> **Information shown**:
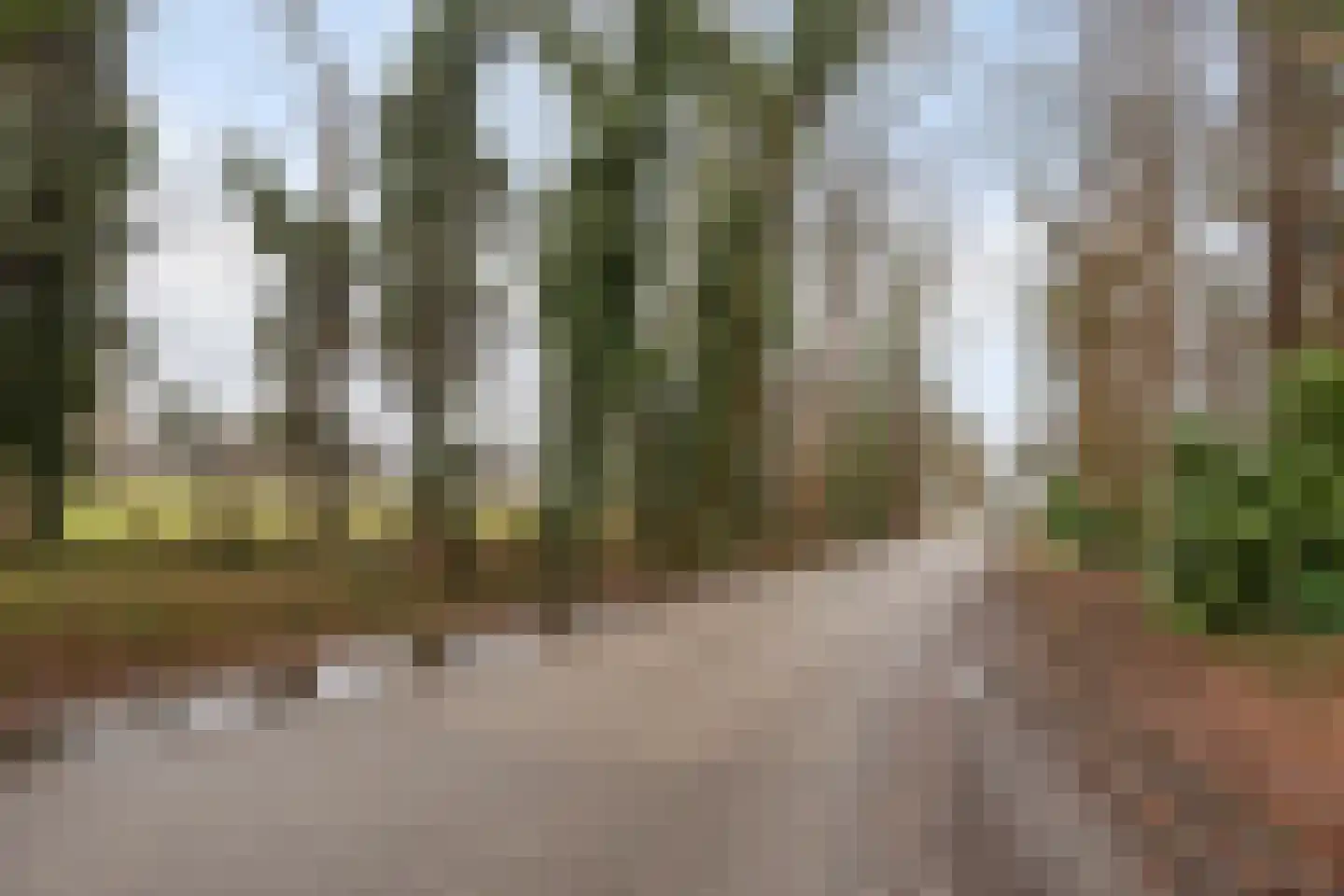 Father Raatgerstraat 20 Rossum thumbnail 47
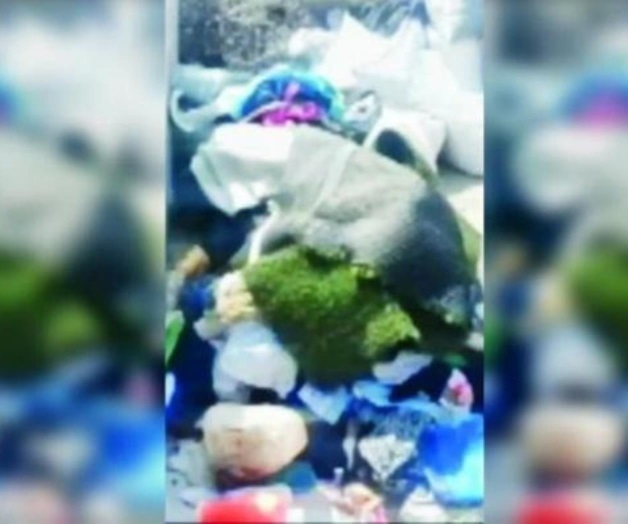 Mata joven a su madre y esconde el cuerpo una semana Mata joven a su madre y esconde el cuerpo una semana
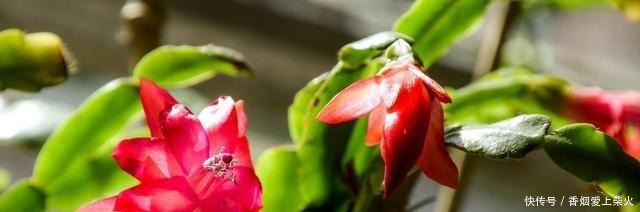 喂点“甜水”,蟹爪兰不烂根不黄叶,还开满盆花!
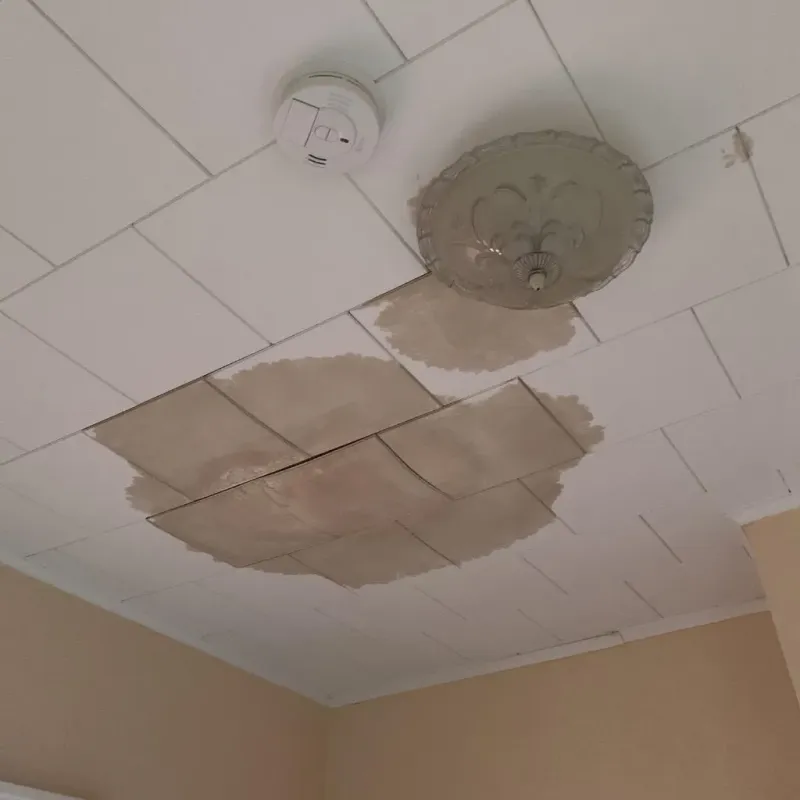 Ceiling Water Damage Repair in Orford, NH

> **What you are asked to do**: Make an exact copy of all the material, but keep the pictures out of it.

> **Response below**:
 Father Raatgerstraat 20 Rossum thumbnail 47
 Mata joven a su madre y esconde el cuerpo una semana Mata joven a su madre y esconde el cuerpo una semana
 喂点“甜水”,蟹爪兰不烂根不黄叶,还开满盆花!
 Ceiling Water Damage Repair in Orford, NH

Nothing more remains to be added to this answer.